WHAT IS EXPECTED: Restate the data below word for word, and let no image into your version.

COLLECTED DATA:

____________________

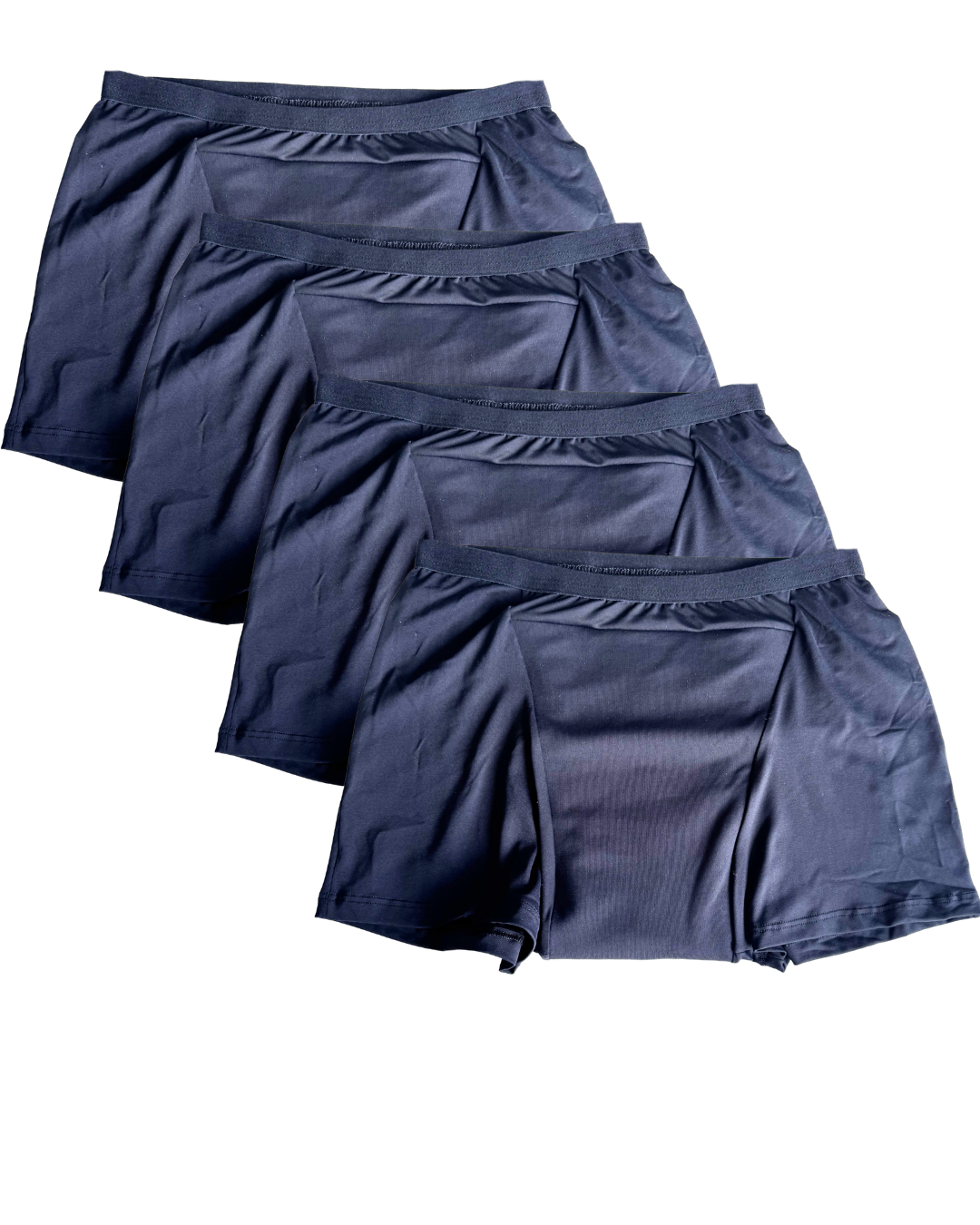 Kit 4 Cuecas absorventes Fluxo! p/ Incontinência Urinária - Reutilizável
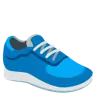 Running Shoe Emoji 👟 image - Google Noto Color style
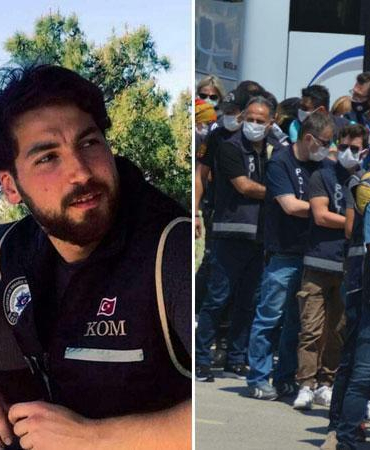 Polisin şehit olduğu saldırıya ilişkin tutuksuz yargılanan sanığa bu kez hapis cezası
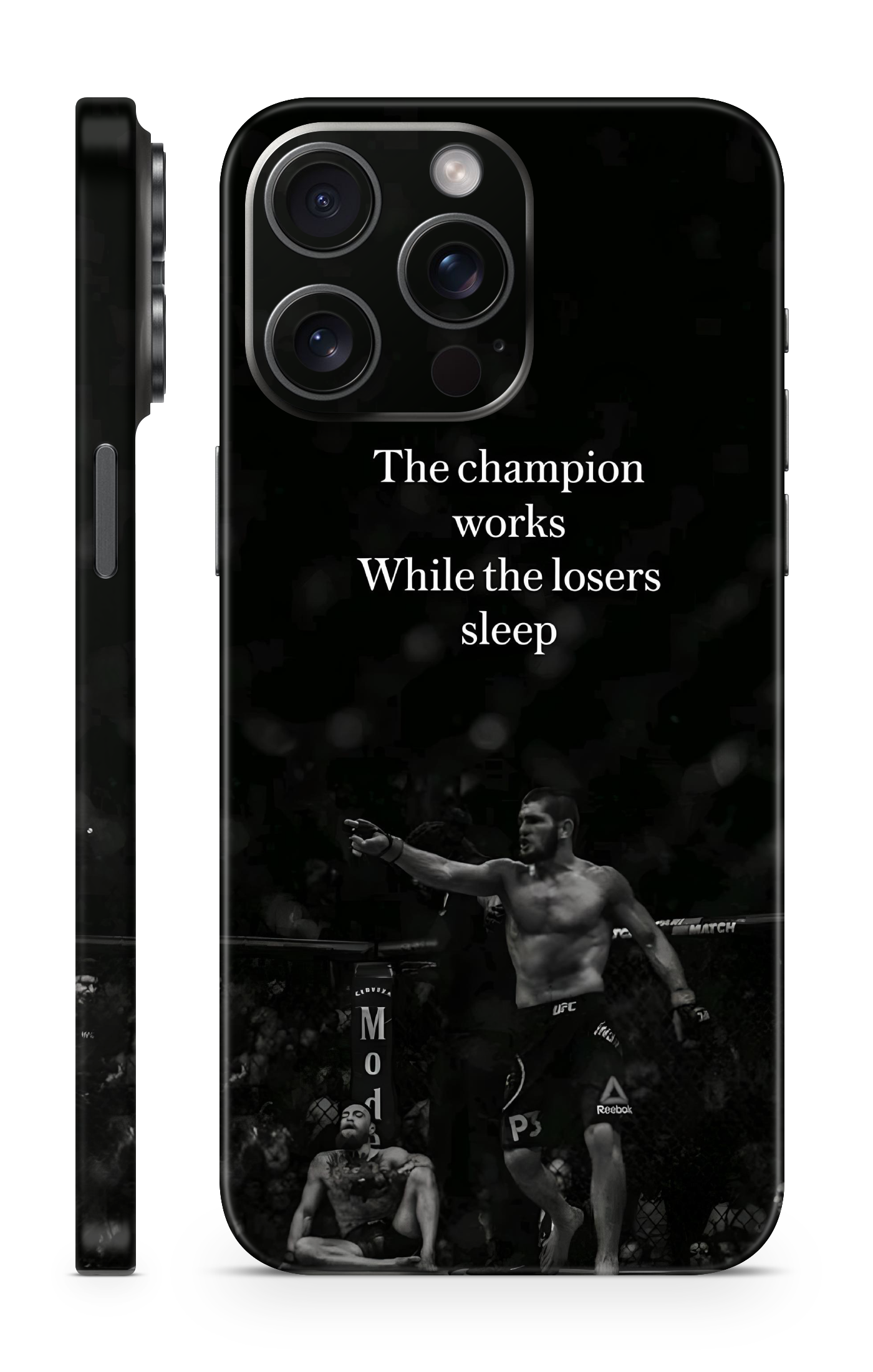 The Champion Works While the Losers Sleep Mobile Skin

____________________

ANSWER:
 Kit 4 Cuecas absorventes Fluxo! p/ Incontinência Urinária - Reutilizável
 Running Shoe Emoji 👟 image - Google Noto Color style
 Polisin şehit olduğu saldırıya ilişkin tutuksuz yargılanan sanığa bu kez hapis cezası
 The Champion Works While the Losers Sleep Mobile Skin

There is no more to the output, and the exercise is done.